While my friends back home shovel snow and burrow into their blankets, I debate between a raincoat and a wool sweater.  I might still have mittens somewhere in the bottom of the little cedar chest that a carpenter in Arkansas made for my son before his birth.  I rummaged for something else the other day and saw a couple of warm hats; not the pretty boiled wool kind, but stocking caps that I knitted in the land of cold and ice.  I ought to donate them.  I shoved them further down beneath the summer shawls and my baby brother’s afghan.

The days have already started to lengthen.  We had a week of rain.  If the universe smiles on us, we’ll hit that sweet spot between barely enough water to keep us out of a drought and hopeless bogs of mud for months.  I oiled my new Blundstone boots so I’m ready.

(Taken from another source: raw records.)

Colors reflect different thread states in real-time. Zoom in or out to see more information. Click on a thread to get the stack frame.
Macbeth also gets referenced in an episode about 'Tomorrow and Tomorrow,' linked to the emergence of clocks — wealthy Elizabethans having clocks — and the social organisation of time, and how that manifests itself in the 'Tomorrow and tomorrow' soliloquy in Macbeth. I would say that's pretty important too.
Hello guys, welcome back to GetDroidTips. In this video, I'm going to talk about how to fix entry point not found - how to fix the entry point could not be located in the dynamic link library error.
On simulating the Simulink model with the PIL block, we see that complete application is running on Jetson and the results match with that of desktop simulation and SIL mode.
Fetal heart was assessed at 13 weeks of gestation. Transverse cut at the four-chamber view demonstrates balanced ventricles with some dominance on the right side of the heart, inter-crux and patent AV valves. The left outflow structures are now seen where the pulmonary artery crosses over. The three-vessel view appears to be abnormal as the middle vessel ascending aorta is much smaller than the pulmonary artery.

I bought those boots to use with the leg braces that turned out, so far, to be a monumental failure.  I asked the orthotist why she recommended the exact type that now sits like deadweight beneath my twenty-inches of hanging clothes.  She gave me a long-winded explanation that amounted to evasion.  With more probing, I finally concluded that she has no regard for my decades of hard work to stay on my feet.  She figured that I needed about a half yard of hard plastic to replace what she obviously considers to be useless calves.  Sorry, friend; but I’ll keep my own muscles, spasticity and all.   I didn’t say that, of course.  I demurred and said that I would talk with her at my next appointment.  

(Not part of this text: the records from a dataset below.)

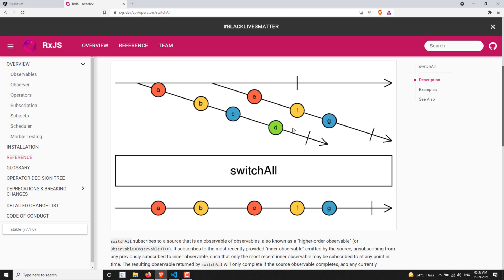When you pass through the switchAll operator, it first subscribes to the first inner observable and starts emitting values A, B, C. But when it is about to emit C, the second inner observable has started. When the second observable starts emitting data, it unsubscribes from the first observable and subscribes to the second observable — it switches to the second observable.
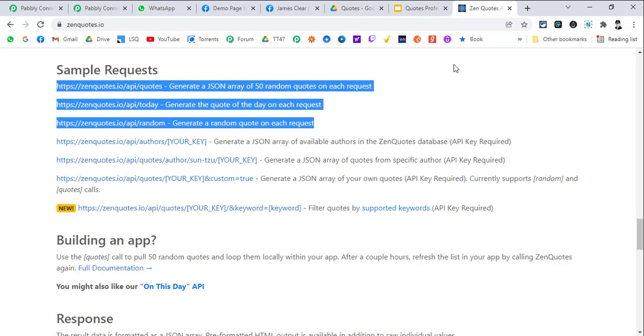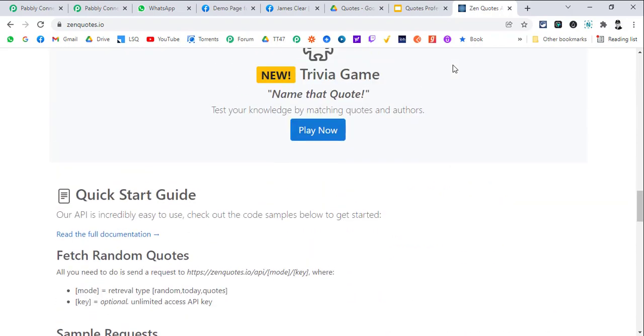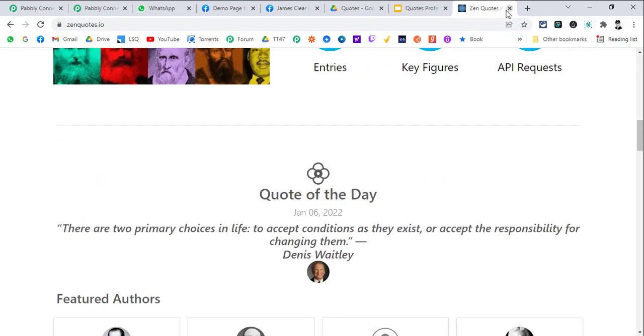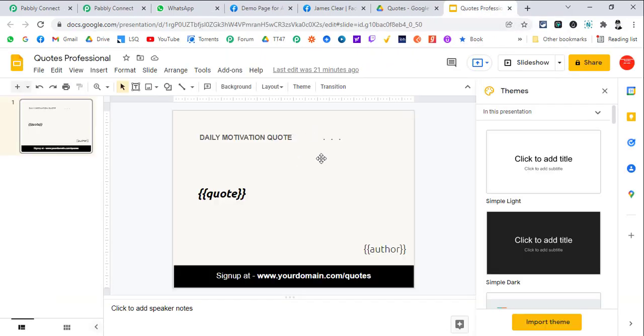This is the first template I have created. Basically you just put the variables which are going to be fed by Pabbly Connect in double curly brackets. So quote will be a variable and author is also going to be a variable.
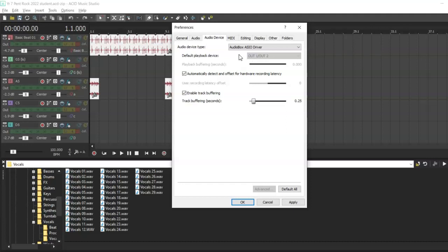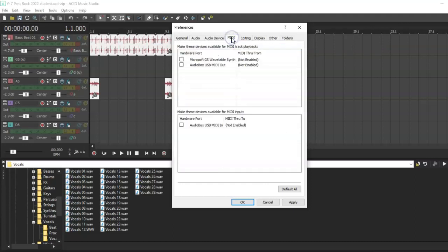If you are going to be working with MIDI, select the MIDI tab and ensure you have a selection for MIDI playback. If you have an external MIDI controller or keyboard, make sure that is selected also. Once you have made these changes, click OK.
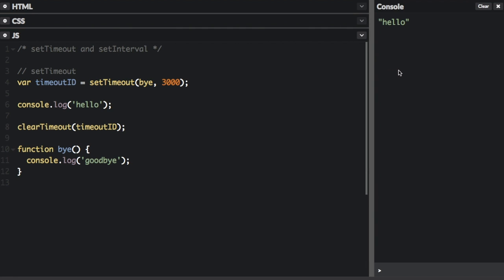but it will never say goodbye because we've cleared the timeout. The setInterval function is similar.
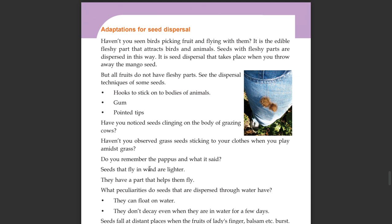Seeds that fly in wind are lighter. They have a part that helps them fly.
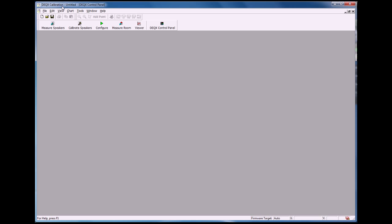Hello, my name is Niall Meller from Acoustic Frontiers. Acoustic Frontiers is a DEQX dealer in the United States. In this video, I'm going to show you how to use the DEQX calibration software to set up a DSP or digital crossover.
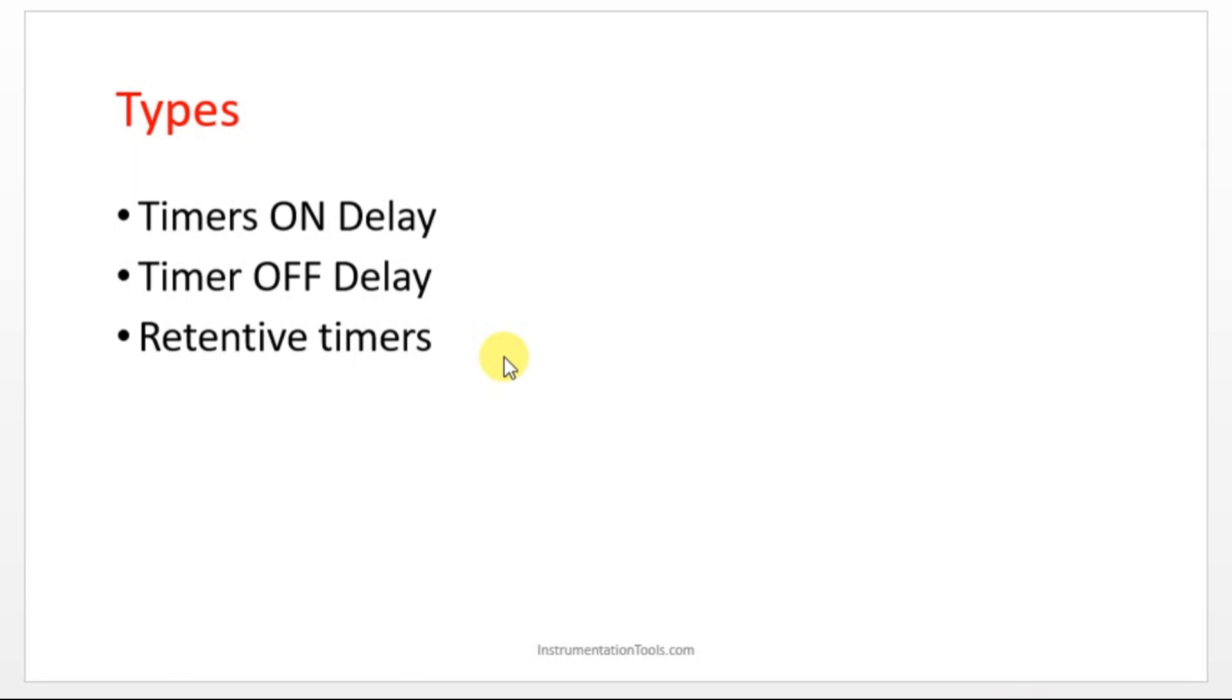But you don't want your motor to turn off immediately, but after some time. In this case, you can make use of the OFF delay timer and you can utilize the features of timer OFF delay and you can turn off the motor after some seconds. So that is timer OFF delay.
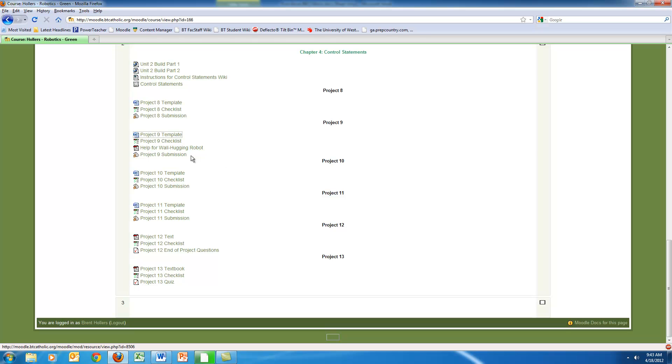And then they will also have a quiz associated with it that actually goes through and asks them some questions related to the text. So they're assessed in a few different ways. They're assessed on their individual smaller programs—they get checked off on that, it's a completion grade—and then they will be assessed on their entire project.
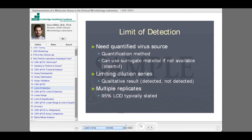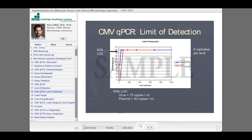So is this detected or not detected? You want to run multiple replicates of this. The standard definition for limit of detection is that you have detection of 95% of replicates at that level. So you may detect below the limit of detection, but you'll detect that less than 95% of the time if you run this over and over again.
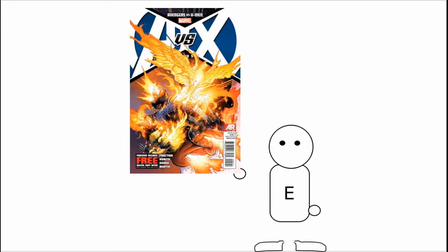This time around, we're discussing Avengers vs X-Men Round 5. This episode is spoiler free, unlike last time, so feel free to watch it all the way through.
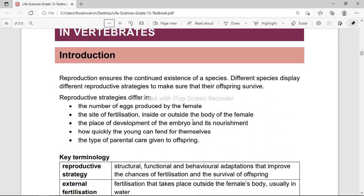The introduction states that reproduction ensures the continued existence of species, meaning that whenever we reproduce we make sure that the species exist. For example, if humans engage in sexual intercourse to produce a baby, we are making sure that the species continues. As we proceed with our introduction, different species display different reproductive strategies to make sure that their offspring survive.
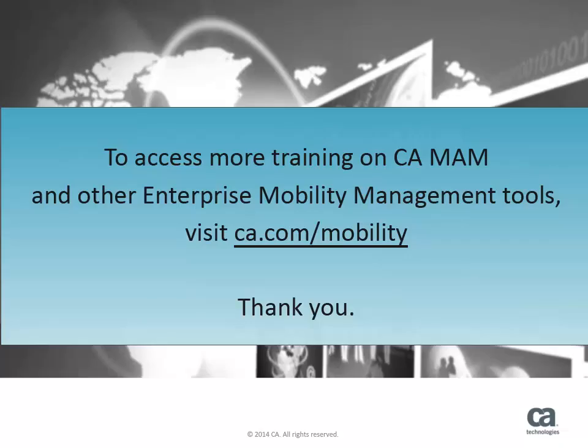To access more training on CAMAM and other enterprise mobility management tools, visit ca.com/mobility. Thank you.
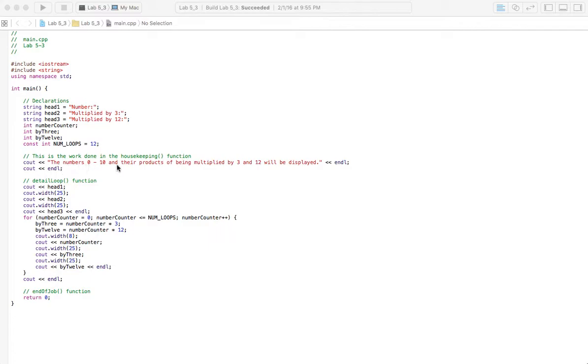This is just gonna tell the user what's going on and then there's really no input here. It's just gonna output the heading 1, 2, and 3.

But the boots work for me, even though they are a size bigger than my customary choice.  It seems that my feet enjoy the extra room.  I tie the laces as snug as they will go and can still wiggle my toes.  I’ve only fallen once in the last month, and that wasn’t my fault, really — the curb by the office at which I work must be a few feet high.  My muscle memory kicked into gear and I landed on my bottom.  I struggled back to vertical and took a few timid steps into the street.  Suddenly, an SUV bore down on me, closing the gap from a block away in seconds.  I screamed and the driver screeched to a stop.  She rolled down her window and hollered, I didn’t see you, why aren’t you in the crosswalk, you idiot woman!  I told her to slow down, it’s a small town, and struggled into my car.  

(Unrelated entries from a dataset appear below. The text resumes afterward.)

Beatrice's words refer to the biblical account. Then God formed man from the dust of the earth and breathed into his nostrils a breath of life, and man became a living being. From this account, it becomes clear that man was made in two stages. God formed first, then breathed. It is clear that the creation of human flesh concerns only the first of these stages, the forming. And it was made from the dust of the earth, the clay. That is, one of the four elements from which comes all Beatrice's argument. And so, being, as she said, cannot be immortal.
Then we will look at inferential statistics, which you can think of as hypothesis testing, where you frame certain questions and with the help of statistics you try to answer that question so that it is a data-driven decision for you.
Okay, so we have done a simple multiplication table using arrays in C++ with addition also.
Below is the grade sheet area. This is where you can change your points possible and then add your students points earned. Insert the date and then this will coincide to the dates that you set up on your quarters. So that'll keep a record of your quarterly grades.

She was right, of course.  I’ve been hit by a car as a pedestrian twice in my life. once without injury (in a crosswalk) and once resulting in a crushed right leg (not in a crosswalk).  I drove home still shaking from the encounter, wondering if the third time might have been a charm.  I laughed as I traveled across the Rio Vista Bridge, reflecting that the third time getting married didn’t do much for me.  Except, of course, for ruining Valentine’s Day; so, maybe not.

As I rounded the hairpin turn near my home, the sun eased itself into the bank of wispy clouds on the far horizon.  A few minutes later, I sat in my cooling car, thinking about my first winter in the west.  A loose line of cranes slipped through the sky.  In the tree above my neighbor’s house, an owl called to its mate, low, mournful, deliberate.  I stepped onto the slick of damp earth and drew a breath.  To the left, a blaze through the trees announced the impending darkness.  I spent a long minute watching the glow settle beneath the levee.  When night had gathered around me, I collected my thoughts and went inside.

It’s the twelfth day of the one-hundred and twenty-first month of My Year Without Complaining.  Life continues.